Following NCM's recent panel discussion on Art Markets and Art Collections (part of the The Exceptional Economy of the Arts' series), this month's feature focuses on the difficult subject of pricing artwork. While many parts of the creative industries benefit from an explicit price structure, artists are often in the dark about how to price their work or their time. Add to this a very opaque marketplace, where information on sales, prices and buyers are kept secret, and there is no wonder that this topic remains one of the most hotly discussed among our visual arts participants.
Knowing how much your practice costs you, as an artist, is important to plan your prices. While it is agreed that there is no formula for pricing art, prices are nevertheless dependent on a number of elements. Work-specific factors will indicate a level of price depending on the media, the size, the presentation and the volume of production. External factors such as the place where the work is shown and the type of clients buying the work will then influence the prices. Finally, the artist’s professional credentials such as education, exhibition history and track record of sales will help to drive prices up. If you are still quite puzzled as to how much you should charge, the best advice is to educate yourself. Look at how much similar work by professionals at the same level sells for. This might involve doing some research in galleries or at art fairs such as the Affordable Art Fair in March.

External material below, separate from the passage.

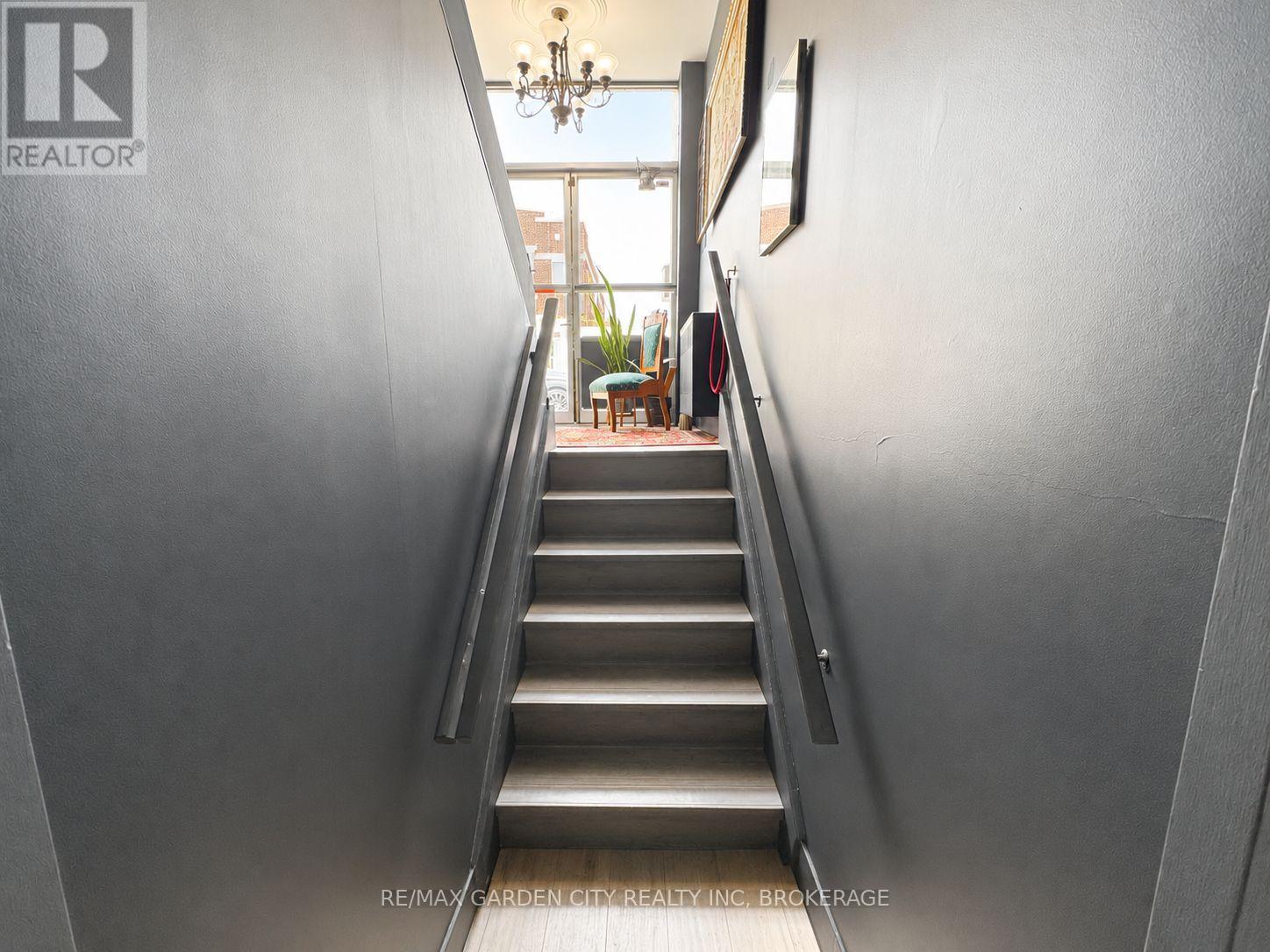 57 Division Street, Welland, Ontario  L3B 3Z5 - Photo 4 - X13113064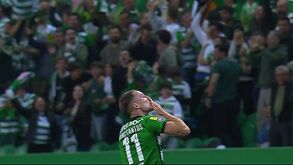 Nuno Santos mandou beijo aos adeptos do Benfica após o segundo golo do Sporting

It is important that your prices are consistent across selling platforms, whether online, at a fair or in a gallery. Do consider your gallerist, agent or collectors when deciding to increase your prices. And make sure that you give yourself the best chances by promoting your work, whether you expect to sell your work in person or online.
If your work isn’t based on a product but on a project, you will need to give careful consideration to the use of your time as an artist. While some commissioners have set day rates, many will expect you to submit a budget without indication of what they expect to pay. You will need to calculate how much a day of your time should be. Remember that this price will need to cover both your time and a portion of your costs of working as an artist, such as your overheads (studio, etc.). A-n proposes a sample fee and day rates depending on experience and overheads. You can also listen to a fellow NCM participant, Alex Julyan, discussing on Artquest her experience of setting artist fees for projects. Congratulations to Alex, who recently won the Wellcome Trust Public Engagement Fellowship 2014!